**Description of the task:**
Reproduce the material that follows, please, but only from its first line to the line containing "Close-up of a", inclusive.

**Dataset extract:**
==============================

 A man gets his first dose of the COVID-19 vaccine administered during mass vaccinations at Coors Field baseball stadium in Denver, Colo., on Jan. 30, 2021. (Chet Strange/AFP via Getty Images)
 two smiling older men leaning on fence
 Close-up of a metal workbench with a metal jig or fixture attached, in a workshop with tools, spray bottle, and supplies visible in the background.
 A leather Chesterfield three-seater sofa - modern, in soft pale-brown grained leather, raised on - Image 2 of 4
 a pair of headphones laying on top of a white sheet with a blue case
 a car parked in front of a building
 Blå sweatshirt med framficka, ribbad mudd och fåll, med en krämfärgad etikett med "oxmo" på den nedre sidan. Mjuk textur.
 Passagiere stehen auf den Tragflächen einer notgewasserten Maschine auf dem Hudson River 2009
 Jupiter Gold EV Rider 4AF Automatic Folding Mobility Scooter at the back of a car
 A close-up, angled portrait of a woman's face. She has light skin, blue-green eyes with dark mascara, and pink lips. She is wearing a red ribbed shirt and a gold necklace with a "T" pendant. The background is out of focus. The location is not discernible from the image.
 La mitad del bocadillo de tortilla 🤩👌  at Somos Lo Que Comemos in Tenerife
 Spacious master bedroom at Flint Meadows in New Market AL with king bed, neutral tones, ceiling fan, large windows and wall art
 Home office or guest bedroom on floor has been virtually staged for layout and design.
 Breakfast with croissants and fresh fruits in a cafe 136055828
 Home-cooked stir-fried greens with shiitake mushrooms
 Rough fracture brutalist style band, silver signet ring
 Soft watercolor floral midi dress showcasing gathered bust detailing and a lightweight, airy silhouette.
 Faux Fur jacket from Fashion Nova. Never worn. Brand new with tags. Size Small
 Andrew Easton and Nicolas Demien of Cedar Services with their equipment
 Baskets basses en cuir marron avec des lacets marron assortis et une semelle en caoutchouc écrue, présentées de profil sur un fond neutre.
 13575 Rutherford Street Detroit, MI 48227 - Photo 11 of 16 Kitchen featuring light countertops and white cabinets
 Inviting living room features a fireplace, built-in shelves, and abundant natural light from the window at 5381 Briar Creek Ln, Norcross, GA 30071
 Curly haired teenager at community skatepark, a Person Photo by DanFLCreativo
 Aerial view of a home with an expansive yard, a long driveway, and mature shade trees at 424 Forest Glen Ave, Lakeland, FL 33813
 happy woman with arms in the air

==============================

**Reply:**
 A man gets his first dose of the COVID-19 vaccine administered during mass vaccinations at Coors Field baseball stadium in Denver, Colo., on Jan. 30, 2021. (Chet Strange/AFP via Getty Images)
 two smiling older men leaning on fence
 Close-up of a metal workbench with a metal jig or fixture attached, in a workshop with tools, spray bottle, and supplies visible in the background.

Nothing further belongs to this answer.